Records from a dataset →
=== Section Start ===

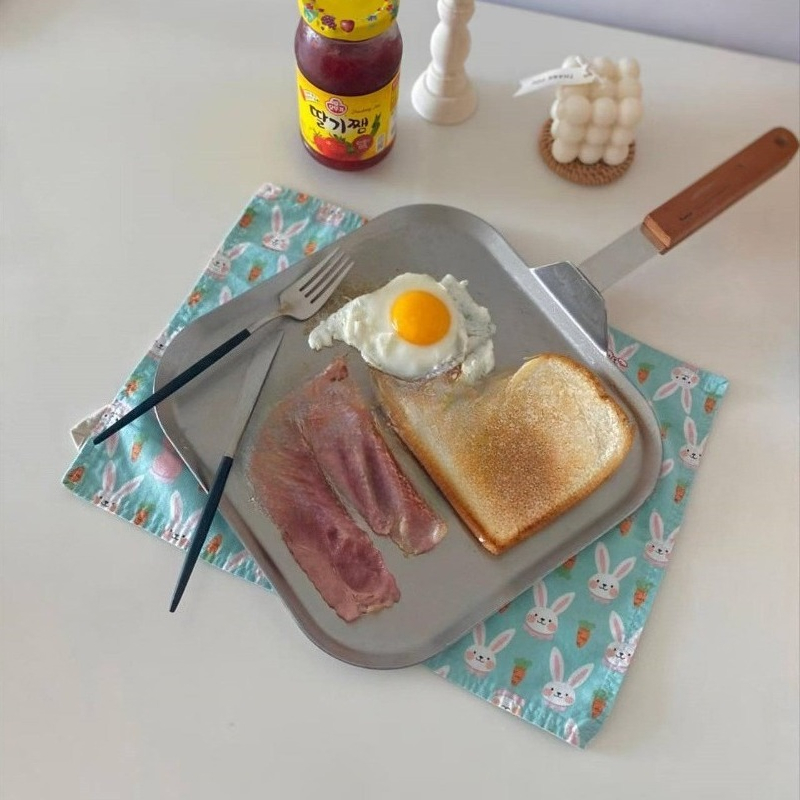 مقلاة إفطار من الفولاذ المقاوم - مراجعة Egg Cooker Rapid وسعره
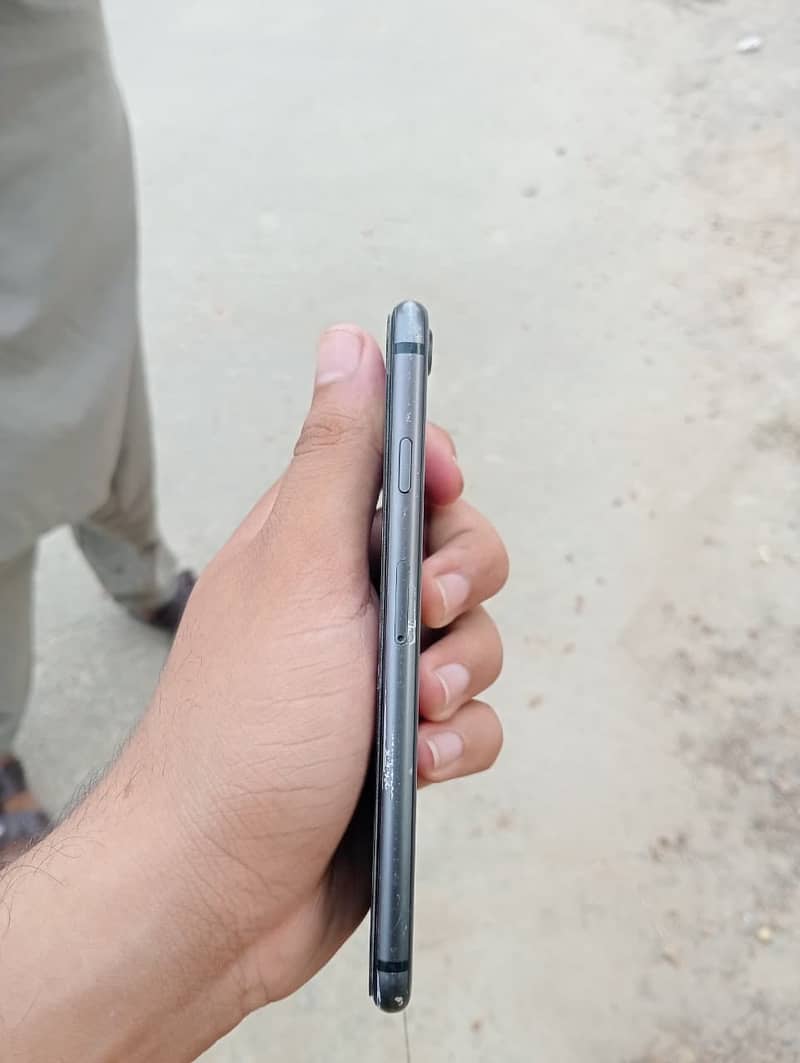 iPhone 8 4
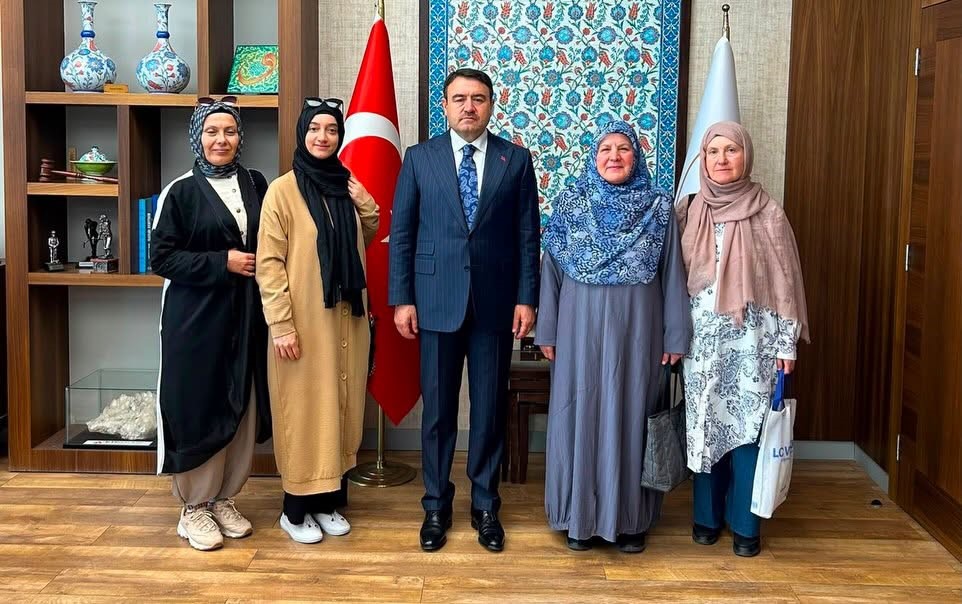 vali-musa-isin-manevi-yonuyle-kutahya-kitabinin-hazirlayicilarini-agirladi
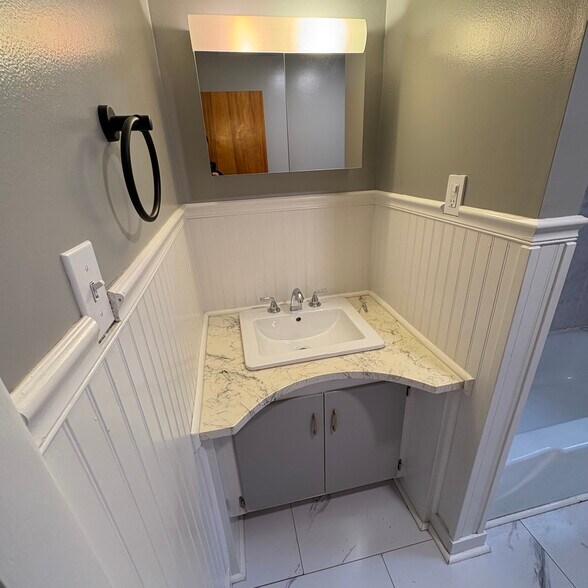 Building Photo - 15 Acer Heights Rd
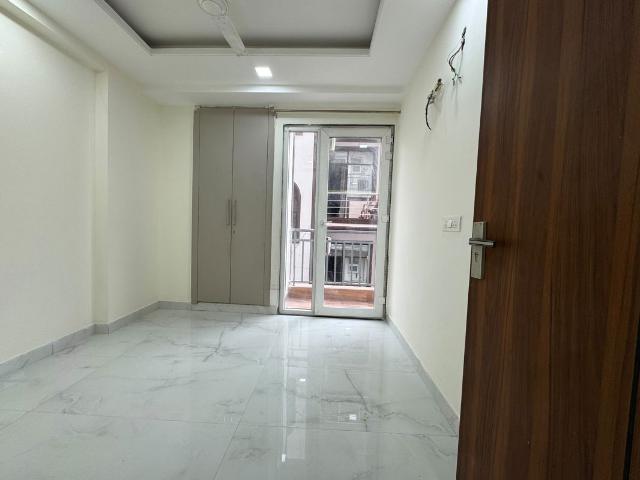 Rental | 1 BHK + 500 Sq.Ft. Apartment in Chattarpur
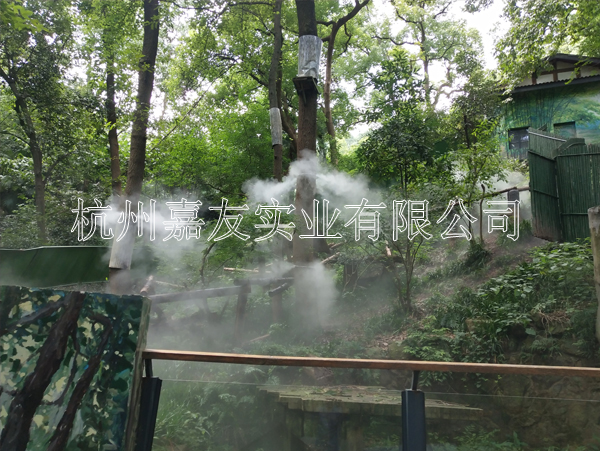 广州动物园高压微雾降温造景3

=== Section End ===

TO DO → Would you write out each record above exactly, with no images?

RESPONSE TO THIS EXERCISE →
 مقلاة إفطار من الفولاذ المقاوم - مراجعة Egg Cooker Rapid وسعره
 iPhone 8 4
 vali-musa-isin-manevi-yonuyle-kutahya-kitabinin-hazirlayicilarini-agirladi
 Building Photo - 15 Acer Heights Rd
 Rental | 1 BHK + 500 Sq.Ft. Apartment in Chattarpur
 广州动物园高压微雾降温造景3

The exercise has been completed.